Purine breakdown is a multi-step process. The first step produces xanthine which is oxidised to yield uric acid. In the healthy pet, hepatic uricase converts most of this one final step to allantoin, a highly soluble molecule which is then eliminated via the urine. The ratio of uric acid to allantoin in “healthy” urine is very much in favour of the latter solute, meaning there’s a low risk of urate urolithiasis.
When things go wrong, a mutation (common in predisposed breeds including the Dalmatian) leads to defective transport of uric acid across the liver cell membrane. For this reason uric acid isn’t converted to allantoin so effectively and, additionally, there is a lower resorption of uric acid at the proximal renal tubule. This means that the urine becomes saturated with uric acid which most commonly crystallises with ammonium in the higher urinary pH ranges.
This atypical processing of purine metabolites not only happens in those with a genetic mutation but is seen in individuals (mainly dogs) with hepatic dysfunction, particularly those with vascular anomalies such as portosystemic-shunts.
Along with his clinical signs, the bloods you’ve collected from Jed don’t suggest a hepatic issue at all so in this instance we’re looking at a break in that chain of dealing with uric acid.
You note also that, on a previous visit, Jed’s owner admits to feeding tripe which is on your list of high uric acid foodstuffs which could contribute to the relative acidity of his urine as well as giving the body a good old dose of purine which will challenge those hepatic metabolic pathways.
To manage him on an ongoing basis we’d like to ensure the lowest chances of stone recurrence. This may include the use of allopurinol (xanthine oxidase inhibitor) and steps in urinary alkalinisation, but eliminating purines from the equation via diet is central to achieving our goal.
Prompted by your nurse (always good with nutrition) you’re able to find one of the clinical diets developed specifically for the management of dogs with urate stones. These diets are traditionally protein restricted (with protein accounting for 8-10% of total calories) but the use of low-purine protein sources (of non-meat origin) can help us reduce purine intake too.
We should always be mindful to avoid feeding low-protein diets to dogs in growth or in situations of high basal requirements (malnutrition, burns, peritonitis, wound healing and protein-losing conditions); however, if we select our protein sources wisely, we can provide sufficient levels in a formula to allow long-term maintenance feeding of the diet.
Coupled with the inclusion of urine alkalinisers such as potassium citrate, ammonium urate precipitation is markedly less likely.

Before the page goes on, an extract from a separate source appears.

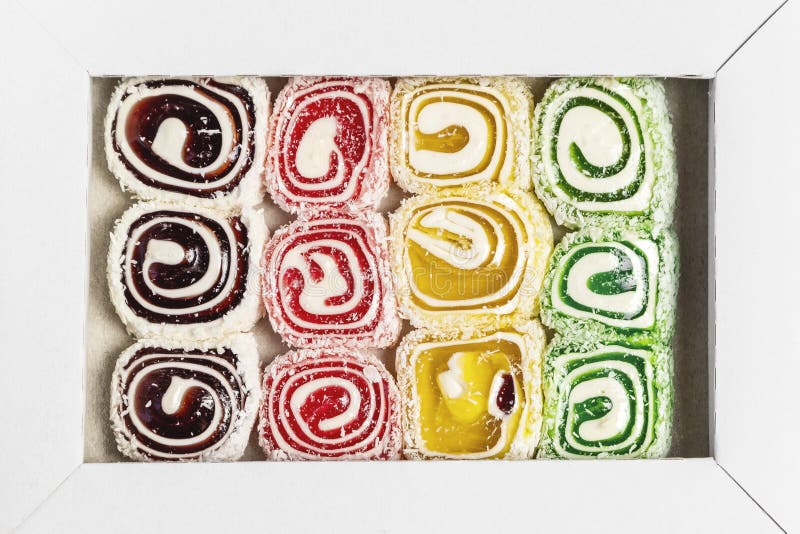 Турецкое наслаждение Lokum Сладкие конфеты в коробке Cezerye или lokum Вкусная текстура предпосылки, здоровые зубы стоковая фотография Турецкое наслаждение Lokum Сладкие конфеты в коробке Cezerye или lokum Вкусная текстура предпосылки, здоровые зубы стоковая фотография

As ever (and discussed in last month’s article) we can do Jed a great favour in increasing the water turnover and urine volume travelling through his bladder. A great target to have in mind is bringing the USG below 1.020 in dogs, diluting the urine and in effect reducing the likelihood and time over which solutes can come together, crystallise and precipitate as either crystals or stones.
Jed proves to us that all cases of urolithiasis are not the same. Sometimes we’ll be challenged with mixed, atypical or metabolic stones which encourage us to slow down, review pathophysiology and the factors which have led the patient to our consultation room.
While we could have gone down a dissolution route with Jed, removing that stone is always going to be a good idea. He’s a classic case which we might discuss on the Royal Canin nutritional helpline and it’s always reassuring to know that even atypical stones are manageable given the right tools.
References and further reading
1. Caney, S., Cortadellas, O., Dhumeaux, M. and Nickel, R. (2014) Practical Management of Urinary Tract Disease. Veterinary Focus special edition: Royal Canin, Aimargues France.
2. Hesse, A. and Neiger, R. (2009) A Colour Handbook of Urinary Stones in Small Animal Medicine: Manson Publishing, London.
3. Villaverde, C. (2014) Urates in bladder disease. Veterinary Focus; Lower Urinary Tract Disease 24 (1): 10-14.